> [DATA EXTRACT]:
/---
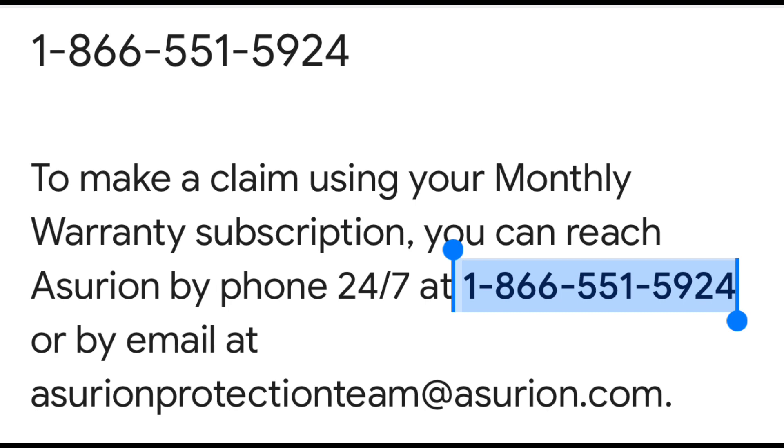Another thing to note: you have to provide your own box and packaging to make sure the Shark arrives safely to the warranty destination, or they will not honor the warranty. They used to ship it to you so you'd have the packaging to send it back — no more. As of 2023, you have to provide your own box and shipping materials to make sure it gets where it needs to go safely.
\---
/---
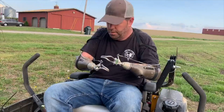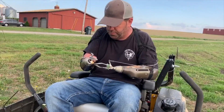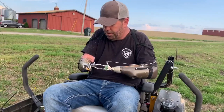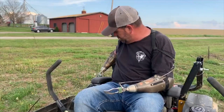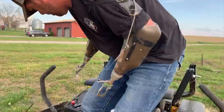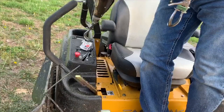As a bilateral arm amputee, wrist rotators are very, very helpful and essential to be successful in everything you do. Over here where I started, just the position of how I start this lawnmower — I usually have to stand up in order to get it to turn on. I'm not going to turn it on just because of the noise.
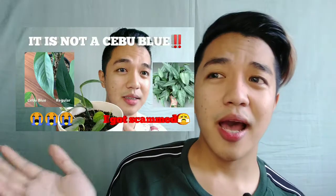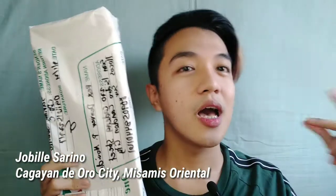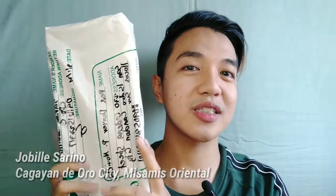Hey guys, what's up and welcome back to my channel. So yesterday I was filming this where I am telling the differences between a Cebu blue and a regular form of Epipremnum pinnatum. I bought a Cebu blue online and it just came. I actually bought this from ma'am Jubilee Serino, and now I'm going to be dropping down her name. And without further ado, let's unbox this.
\---
> [EXERCISE DESCRIPTION]:
Beginning with the line above that contains "As a bilateral" and ending with the line that contains "Hey guys, what's", quote each line exactly, keeping out the pictures.

> [FINISHED TASK]:
As a bilateral arm amputee, wrist rotators are very, very helpful and essential to be successful in everything you do. Over here where I started, just the position of how I start this lawnmower — I usually have to stand up in order to get it to turn on. I'm not going to turn it on just because of the noise.
Hey guys, what's up and welcome back to my channel. So yesterday I was filming this where I am telling the differences between a Cebu blue and a regular form of Epipremnum pinnatum. I bought a Cebu blue online and it just came. I actually bought this from ma'am Jubilee Serino, and now I'm going to be dropping down her name. And without further ado, let's unbox this.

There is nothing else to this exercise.